Avustralya’da kuraklık hüküm sürerken pek çok bölgede de günlerdir orman yangınları devam ediyor. Ülkede şimdi de sel felaketi yaşanıyor. Bugüne kadar Konya’nın iki katı arazi içerisinde barındırdığı vahşi yaşamla beraber yandı, yok oldu. Onlarca insan yaşamını yitirdi, binlerce insan evsiz kaldı.

Ülke yangın felaketiyle cebelleşirken hükümet, kuraklığın sebebini ve çözümünü şıp diye buluverdi.

Sebep; sayıları on bini bulan ve çok su tüketen yabani develer, çözüm ise yabani develerin itlafı.

Develer çok su içiyorlar. Kuraklığa sebep oluyorlar. Allah Allah…

Aklı evvel zevat, ilginç ve barbarca bir karar alarak on bin yabani devenin “çok su içtikleri” gerekçesiyle itlaf edilmelerine karar verdi. Hükümet, develerin kesilerek fakir Afrika ülkelerine gönderilmesi tekliflerine de kulak asmadı. Kararı da hemen uygulamaya koydular ve ilk etapta beş bin civarında deveyi vurarak öldürdüler.

Gerçi bu Avustralya hükümetinin ilk yabani hayat katliamı değil. Sicilleri bayağı bozuk. Avustralya hükümeti 2015 yılında aldığı kararla, 2020 yılına kadar iki milyon kedinin itlafı ile ilgili bir süreç başlattığını duyurdu. Yine 2017 yılında Kakadu Doğal Parkı'nda yirmi dört günlük bir süreçte altı bin yabani at, bufalo ve eşek, helikopterlerden açılan ateşle öldürüldü.

Bergama’da, Doğu Karadeniz’de, Kazdağları’nda ortaya çıkan,Üçüncü köprü, yeni havalimanı, Kanal İstanbul “doğayı katledecek, doğal yaşamı yok edecek” diye yaygara kopartan, sahte gözyaşları döken dış odaklı yapıların yerli uzantıları, doğaseverlerin, hayvansever örgütlerin, çevreci örgütlerin neden gıkları dahi çıkmıyor?

Uluslararası çevreci örgütler neden ses çıkarmıyor? Bir Grenpeace vardı onlar niye karşı çıkmıyor? Mevzu bir İngiltere kolonisi olan Avustralya olunca durum değişiyor haliyle.

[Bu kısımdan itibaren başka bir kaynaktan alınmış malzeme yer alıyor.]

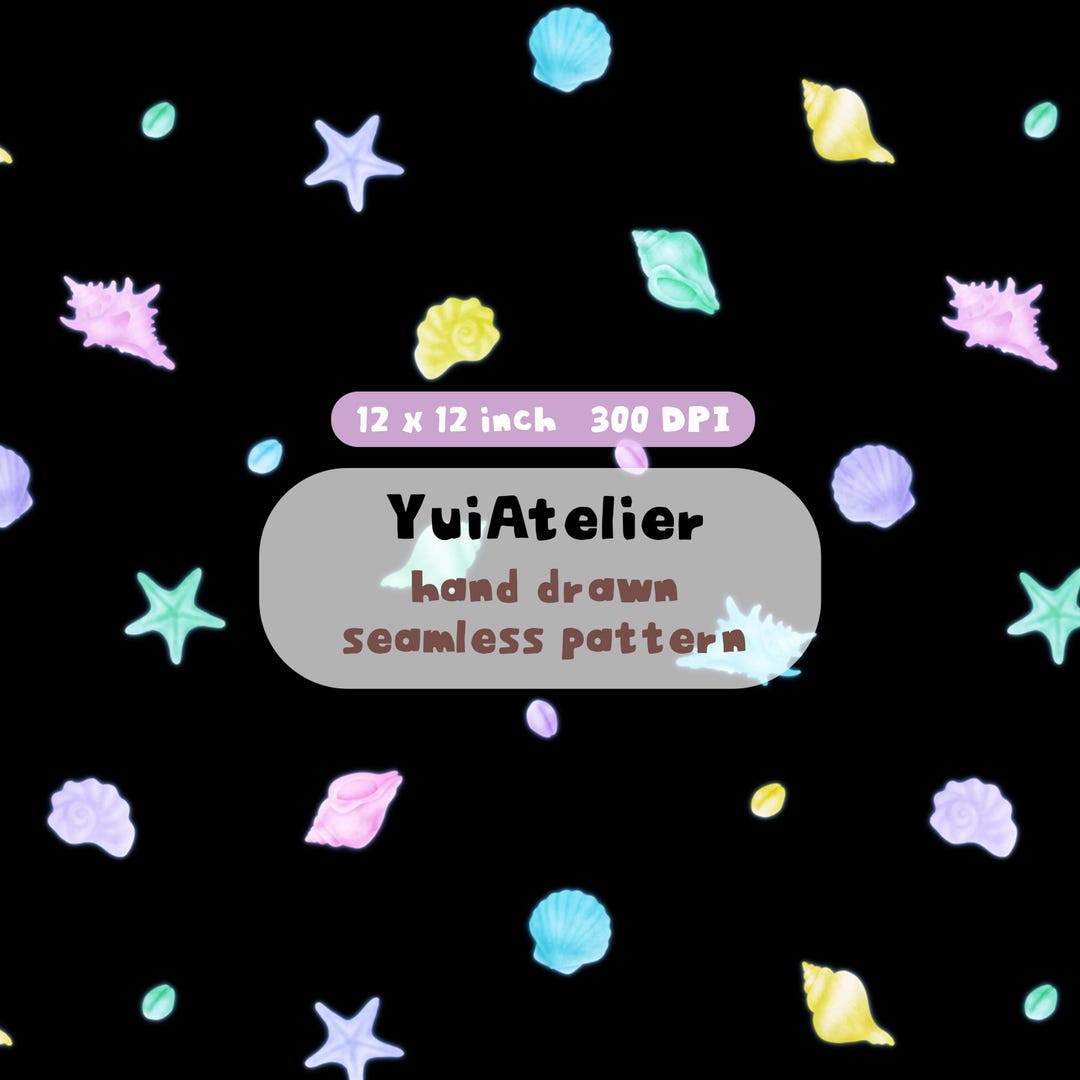 Pastel Seashell Black Seamless Pattern | Hand Drawn Digital Paper for ...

İki binin üzerinde otelin ve bir milyon iki yüz bin evin yüzme havuzunun olduğu Avustralya'da hükümet, “çok su içiyor” diye binlerce deveyi katlediyor.

Ülkede bin sekiz yüz civarında golf sahası var ve çimenlerin yeşil kalması için milyonlarca ton su kullananlar “çok su içiyor” diye binlerce deveyi katlediyor.

Gerekçeye bakın; “Ülkede kuraklık yaşanıyor, develer çok su tüketiyor.” Tövbe estağfirullah tövbe.

Allahu Teala Hud Suresi, 64. Ayetinde mealen "Ey kavmim, size işte bir ayet olarak Allah'ın devesi; onu serbest bırakın, Allah'ın arzında yesin. Ona kötülük (vermek) niyetiyle dokunmayın. Yoksa sizi yakın bir azap sarıverir." buyurmaktadır.

Çok su içtikleri gerekçesi ile binlerce deveyi katleden Avustralya yüz yılda bir görülen bir felaketle karşı karşıya kaldı.

Felaketin sebebi ise bitecek dedikleri su. Yani sel felaketi.

Susuz kalma korkusu ile binlerce hayvanı vahşice katleden Avustralya halkı, kanımca Allah'ın gazabına uğradı. Adeta develerin intikamının alındığı ülke, korktukları su yüzünden yüzyılda bir görülen sel felaketi ile karşı karşıya kaldı...

Yüz yılın en büyük sel felaketi…

İlâhi adalet bu olsa gerek. Alın size su!